The Archive engine currently archives at a mailbox database level, however does NOT pull emails out of the existing mailbox store, they are all kept in the same store, which in the initial release, removes its usefulness as a way of managing mail store size, however what it does add is a whole lot of very useful functionality around compliance.

here’s a quick list of features that it brings;

  • removing the reliance for PST – been able to remove the threats that PST files bring to the integrity of a corporate email system, as PST’s allow for both data loss from an organisation and also removes the enterprise admin control over email.
  • global archive/compliance search – the ability to search for message threads and content across the entire organisation in the event of needing to meet a compliance mail retrieval request. this will also search archives and deleted emails in association with the correctly defined compliance and retention rules.
  • Message archiving now allows archived messages to be seen in OWA, if users use archive PST, then these are no longer available to web client sessions.
  • Protection – ability to define protection rules across your Exchange organisation.
    • rule classification – ability to assign global rights management rules at an Exchange level, rather than relying on users implementing them
    • legal hold policy – define policies around retention and the tracking of  changes and deletion of emails
  • retention policy – the ability to set mail retention policies

Step in the right direction in terms of compliance rules.
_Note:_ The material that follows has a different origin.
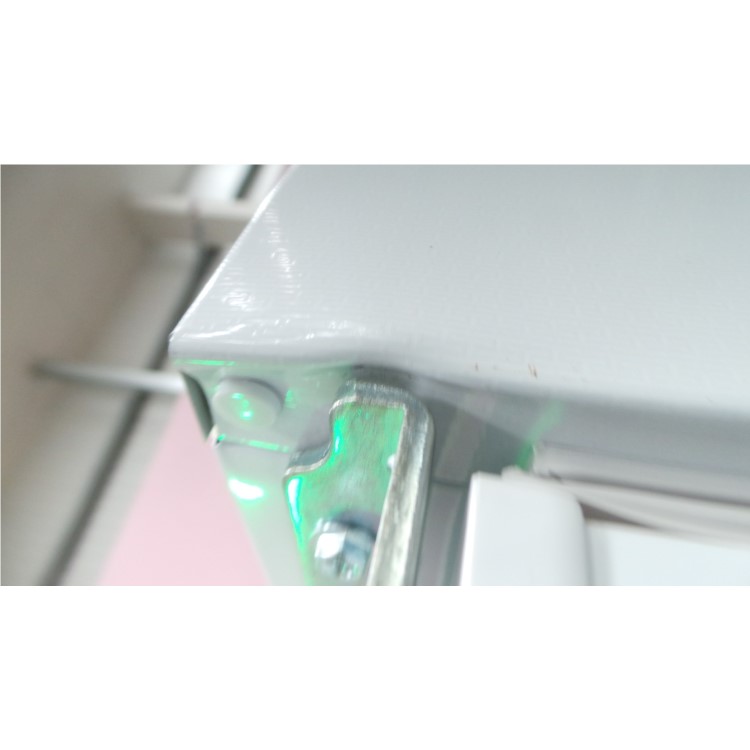 GRADE A3 - Hisense RIB291F4AW1 Integrated 50-50 Frost Free Fridge Freezer - Sliding Rail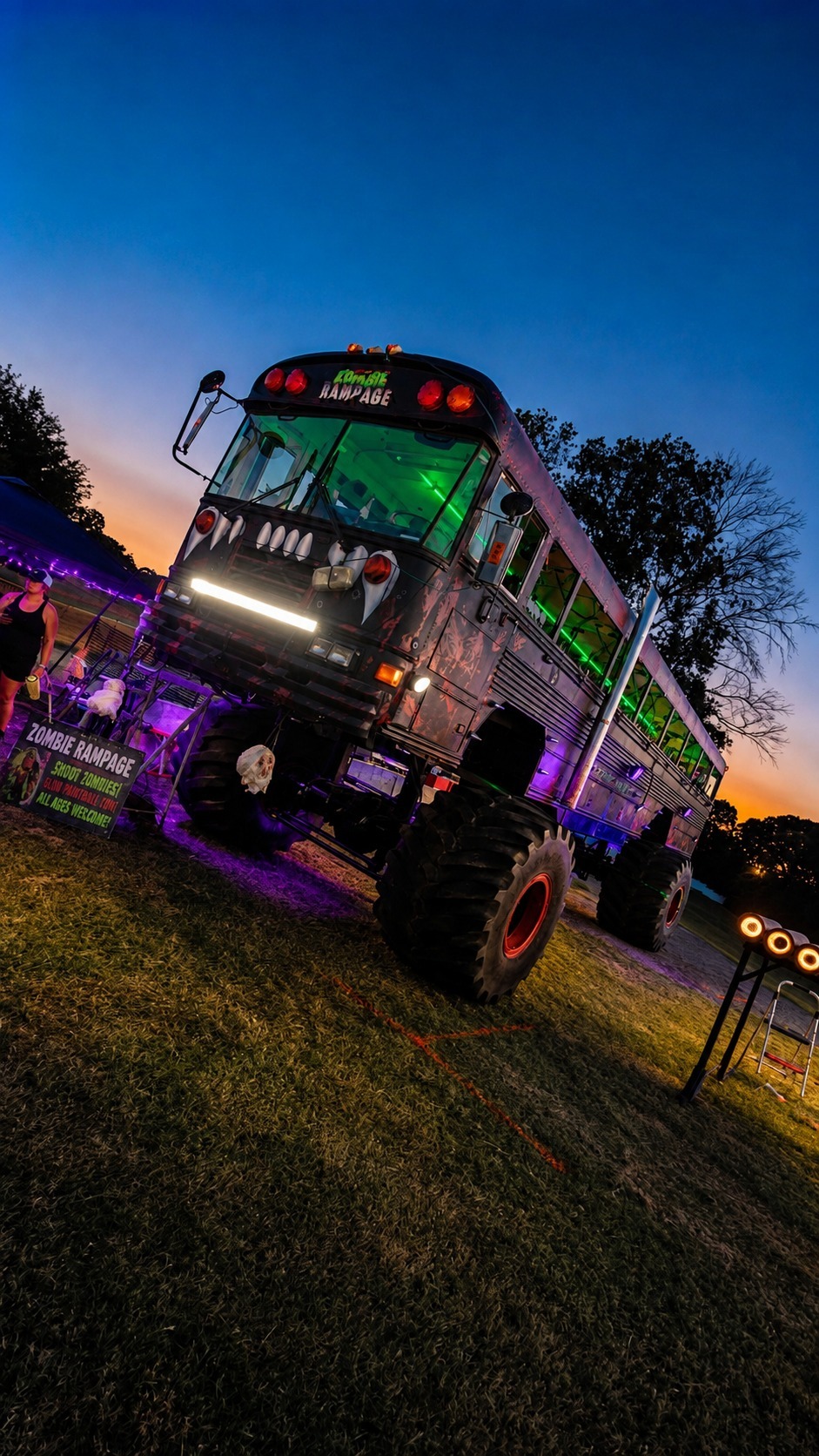 Zombie Rampage OK: SHOOT PAINTBALLS AT LIVE ZOMBIES ON A 14' MONSTER BUS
However the archive only archiving messages within the same mailbox database, means it doesn’t meet the needs of many archive users, to manage their mailbox database size. The suggestion is this will come with SP1. At the moment looks as though the archiving  is there more to drive the compliance features, rather than as an enterprise archive solution.

Optimised for software and services

One of the most talked about topics in the IT industry at the minute is that of cloud services, this is a huge strategic direction for Microsoft with their own expanding cloud offerings, from online versions of Exchange/SharePoint and OCS…via Azure all the way to Xbox live, Microsoft have a large range of cloud offerings.

Exchange 2010 plays right along with that and is engineered with it in mind, with much closer integration for, what is pretty unique to Microsoft’s view of the cloud world, the mix of on-premise and cloud.

What looks likely to be coming is the ability to manage your online and on-premise exchange via a single console, looking forward to seeing that.

You get full GAL integration shared free/busy information etc…making it a pretty seamless experience. This is a huge differentiator for Microsoft in our opinion, as the likes of Google for example, can’t give you that mixed and integrated solution, preferring the all or nothing approach, which can be off putting for many businesses.

Summary

Appreciate that this is a pretty high level overview, but just wanted to try and share the key points that Julian covered in around 2 1/2 hours.

If you want my information, of course we have Exchange 2010 available in our labs here for you if you want to contact us at microsoft@gardnersystems.co.uk and more than happy to arrange demo labs where appropriate.

 

Of course plenty of stuff on both the general Microsoft web site – http://www.microsoft.com/exchange/2010/en/us/default.aspx

and the Exchange team BLOG is always worth a read… http://msexchangeteam.com/

As one of attendees said to me last week… the best version of Exchange by a long way! – high praise indeed!